If you don’t have genuine conversations with people at networking events, career fairs, alumni events hosted on campus, and in other situations designed to give you opportunities to engage with real, live people, you’re missing the point. And guess what? You need to branch out and avoid talking to the people you already know.

Give yourself an assignment to talk to at least three new people when you attend an event. Obtain business cards if possible because this gives you an easy reminder for following up later (and contact information, too). It’s great to talk to people in your career field, but if you can’t identify people in your field, that’s okay. The point is to practice overcoming your fear of communicating with new people and to make new connections. You might enjoy yourself, and you might build great new connections.

  • Update your brand.

Before you step out the door to attend a face-to-face networking event or prior to logging on to a virtual event, check your online brand. Log into every social media site. Google yourself. You should do this regularly, but definitely do it prior to events.

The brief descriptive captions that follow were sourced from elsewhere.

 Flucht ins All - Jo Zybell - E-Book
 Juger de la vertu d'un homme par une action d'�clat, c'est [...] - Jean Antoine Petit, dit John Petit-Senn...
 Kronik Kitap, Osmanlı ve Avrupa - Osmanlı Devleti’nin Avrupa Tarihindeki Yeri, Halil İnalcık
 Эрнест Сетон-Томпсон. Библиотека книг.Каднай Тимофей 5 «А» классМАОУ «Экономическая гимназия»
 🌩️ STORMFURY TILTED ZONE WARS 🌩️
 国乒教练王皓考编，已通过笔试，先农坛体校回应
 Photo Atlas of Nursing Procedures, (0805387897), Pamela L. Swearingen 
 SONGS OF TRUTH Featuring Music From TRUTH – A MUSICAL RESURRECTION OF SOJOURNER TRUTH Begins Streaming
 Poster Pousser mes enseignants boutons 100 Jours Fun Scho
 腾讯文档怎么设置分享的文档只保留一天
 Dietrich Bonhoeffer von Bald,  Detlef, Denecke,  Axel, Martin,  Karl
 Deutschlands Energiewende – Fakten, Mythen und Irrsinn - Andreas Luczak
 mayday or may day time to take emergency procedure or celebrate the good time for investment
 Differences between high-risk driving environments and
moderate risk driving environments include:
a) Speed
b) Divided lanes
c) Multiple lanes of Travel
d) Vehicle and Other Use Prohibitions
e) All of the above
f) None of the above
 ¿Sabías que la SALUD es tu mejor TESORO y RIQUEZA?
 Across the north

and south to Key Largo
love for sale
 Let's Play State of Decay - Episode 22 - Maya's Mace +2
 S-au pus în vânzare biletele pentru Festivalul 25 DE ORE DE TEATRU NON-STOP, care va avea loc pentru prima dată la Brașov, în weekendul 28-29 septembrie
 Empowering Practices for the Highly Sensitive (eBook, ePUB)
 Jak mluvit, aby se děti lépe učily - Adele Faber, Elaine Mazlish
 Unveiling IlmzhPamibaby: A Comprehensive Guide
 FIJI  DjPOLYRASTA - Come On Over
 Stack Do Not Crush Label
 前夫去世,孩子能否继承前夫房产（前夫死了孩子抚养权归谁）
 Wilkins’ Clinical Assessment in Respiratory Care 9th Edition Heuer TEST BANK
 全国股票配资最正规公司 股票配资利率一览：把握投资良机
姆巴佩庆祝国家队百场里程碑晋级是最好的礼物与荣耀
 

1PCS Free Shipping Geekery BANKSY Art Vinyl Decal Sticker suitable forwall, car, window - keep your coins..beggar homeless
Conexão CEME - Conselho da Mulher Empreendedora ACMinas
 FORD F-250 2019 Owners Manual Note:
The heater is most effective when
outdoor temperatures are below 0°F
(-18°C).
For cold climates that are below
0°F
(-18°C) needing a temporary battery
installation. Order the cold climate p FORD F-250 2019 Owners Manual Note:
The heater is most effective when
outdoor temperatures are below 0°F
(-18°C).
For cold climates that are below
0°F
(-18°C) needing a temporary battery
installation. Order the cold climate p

Recently, I attended an event on a college campus. I interacted with a really cool, engaging, savvy student. Immediately following the event, I searched for the student on social media. Her profile picture gave me pause and seemed inappropriate. I chose not to connect after all. The bummer for that student is that I’m connected to some really awesome employers, recruiters, talent acquisition leaders, and entrepreneurs. These are all people who may have benefited this young woman in her future job search. But I have to look out for my own brand. I don’t connect (or remain connected) with people who don’t portray themselves in a positive light.

Don’t let this happen to you. Put your best self out there online, particularly when you’re job searching and prior to graduation. Remember, you cannot disconnect your brand from your networking efforts.

  • Don’t overlook the little people.

When you’re networking, don’t make the classic mistake of walking into a room and glancing at name badges or honing in on the most important looking people in the room and ignoring the rest of the minions. It’s egotistical and rude to focus on a few “big names” in the room, and honestly, it might be a waste of your time because—news flash—many other candidates will be playing the same game.

You’re better off to network with everyone. Just as in life, mix it up and try to engage with a very diverse group of people from all socioeconomic backgrounds, all levels of experience in the workplace, etc. You’ll have interesting conversations, and you may be surprised that those “little people” often have some hidden connections which can help you later in your job search.

The same goes for building and maintaining relationships in the workplace (not just at networking events).

“Don’t sell any co-worker short. Someday that person may be a leader, in a hiring role, or know of a hidden job they could tell you about because you have a professional relationship with them. Be nice to everyone you work with. It will pay off,” encourages Matt Krumrie, freelance writer and career expert.

Remember, networking is a web of relationships you’ve worked to build; you have to maintain them, too.

“As with any relationship, what you put in is what you get out,” shares Warren.

Networking is a two-way street; what are you giving back to the people who have given so much to you?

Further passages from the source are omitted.